The Supreme Court’s recent refusal to direct the publication of Form 17C data, which every Presiding Officer fills out as the record of the number of people who cast their vote at the allotted polling stations, is along expected lines. The apex court rarely interferes in an electoral process that is already underway, as a measure of respect for the powers and jurisdiction of another constitutional authority, namely the Election Commission of India (ECI). Any dispute with regard to any election to any public office under the Constitution is required to be dealt after the completion of the process within the terms of Article 323B, under Part XIVA of the Constitution, in the form of an election petition filed before the high court having territorial jurisdiction (the high court becomes the Election Tribunal for that case).

Readers will recall, this segment of the Constitution was inserted through the 42nd amendment which was tabled, debated, and passed in Parliament, ratified by a majority of State Legislative Assemblies, assented to by the President of India and published in the Official Gazette – all done and dusted in less than 10 days.
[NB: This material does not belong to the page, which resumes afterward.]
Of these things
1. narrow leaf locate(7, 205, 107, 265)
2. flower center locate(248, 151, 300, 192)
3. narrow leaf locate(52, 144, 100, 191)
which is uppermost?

Granville Austin’s monumental tome: Working a Democratic Constitution, amongst others, provides a ringside commentary of the haste with which these and several other changes to the Constitution were forced down the throats of the citizenry at a time when their fundamental right stood suspended because of the national emergency declared by the Indira Gandhi-led government. Then, the Supreme Court by a 4:1 majority was also not willing to issue any direction to the Executive to restore the fundamental right to life liberty which was being violated by the police day after day, as they continued to arrest Opposition leaders and activists in a bid to put all political dissidence behind bars.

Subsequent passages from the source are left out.